Alas! Flight 3 of the SpaceX Falcon 1 vehicle ended with the loss of the vehicle. The flight seemed to be going well until shortly before stage separation. This is the moment when the first stage shuts down and is jettisoned, then the second stage begins firing. The live video stream from the rocket was cut off about 2:11 into the flight. A few seconds later the SpaceX announcer said there had been an anomaly. In a statement to his employees and the general public a short while later, Elon Musk said there had been a stage separation failure. We have no other information at this time, although speculation has been rampant in the blogosphere.
When something like this happens the blogosphere is always full of naysayers. I can't resist a few comments of my own. First, it is true this is a serious failure for the company. This flight didn't get as far as the last one, which doesn't look good. We have yet to learn how their customers will react to the failure. It is definitely a significant setback. Musk says he has brought in new investors and his cash position is very strong. He thinks he can weather the crisis. I still wouldn't bet against him.

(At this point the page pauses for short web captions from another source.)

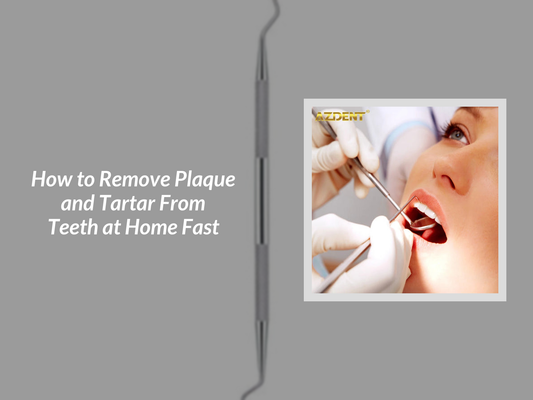 How to Remove Plaque and Tartar From Teeth at Home Fast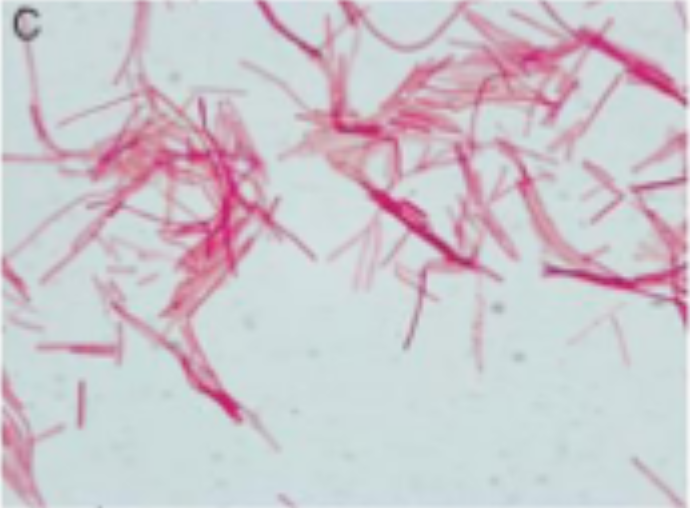 <p>Uses one stain to stain cell, background or bacterial cell </p><ul><li><p>increases contrast → size (can observe the different types if there are different ones), shape, arrangement of cells</p></li><li><p>all cells are stained same color</p><ul><li><p>no differentiation between cell types</p></li><li><p>but we can see that its safranin rod-shaped bacteria and they are connected together in a string (strepto)</p></li></ul></li></ul><p></p>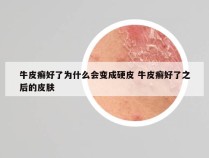 牛皮癣好了为什么会变成硬皮 牛皮癣好了之后的皮肤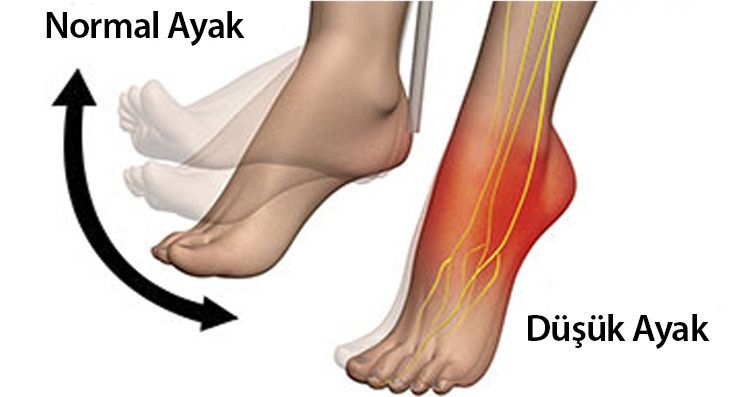 Düşük ayak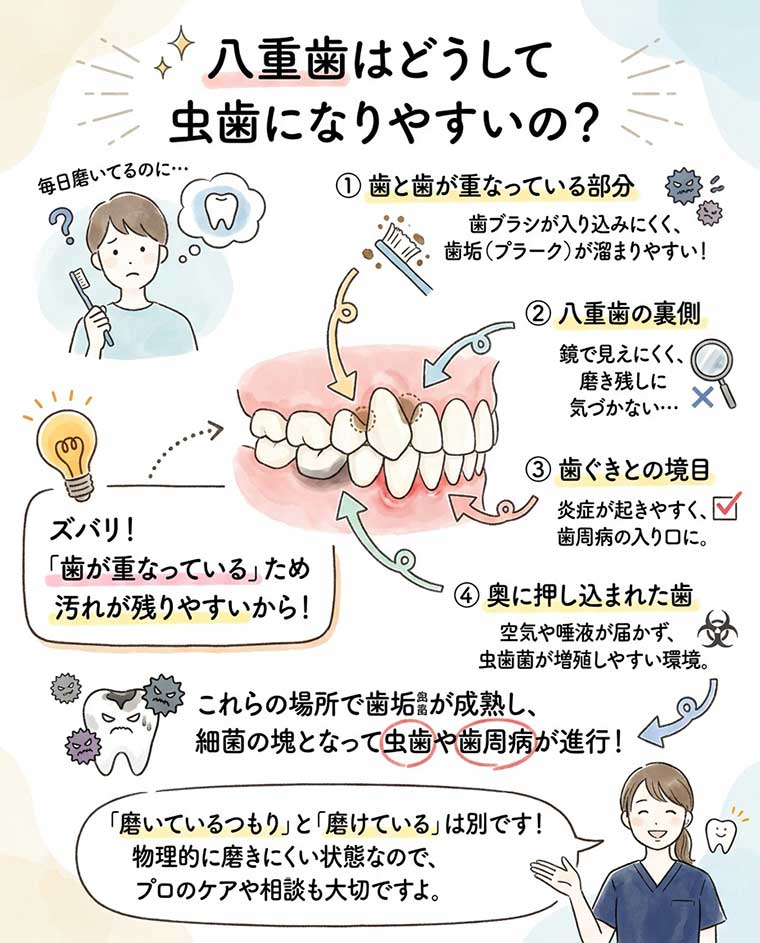 八重歯はどうして虫歯になりやすいの？の図解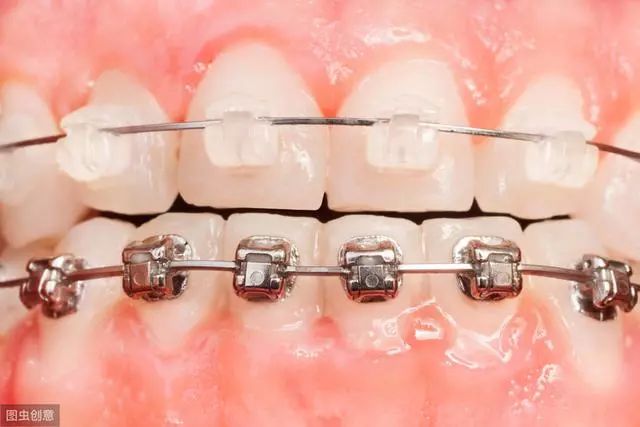 成年人做牙齿矫正合适吗,成年人有必要做牙齿矫正吗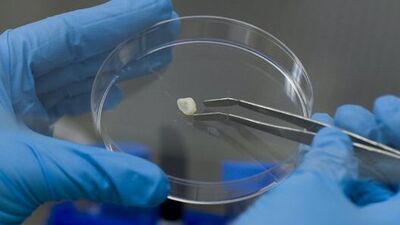 Kaybedilen dişlerin yerine getirilmesi artık mümkün!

Many of the naysayers appear to be part of the traditional aerospace industry and it seems almost as if they are hoping SpaceX will fail. They seem to be motivated by a desire to prove that no one can improve on their own track record. They would like to think that it is always going to take billions of dollars and an army of thousands to develop new spacecraft. But look at what SpaceX has already accomplished. With a total workforce of 525 people and no more than about $250 million expended so far, they have developed one small launch vehicle (Falcon 1), are well along in development of a medium lift vehicle (Falcon 9) and are working on a spacecraft that will dock with the International Space Station (Dragon). All that would have cost the Europeans about $5 billion!! Even Lockheed-Martin or Boeing would have spent far more. SpaceX can afford to lose several more Falcon 1 vehicles as they perfect their systems and still be way ahead of what anyone else has done in terms of cost efficiency. I really think the big boys better be looking in their rearview mirrors!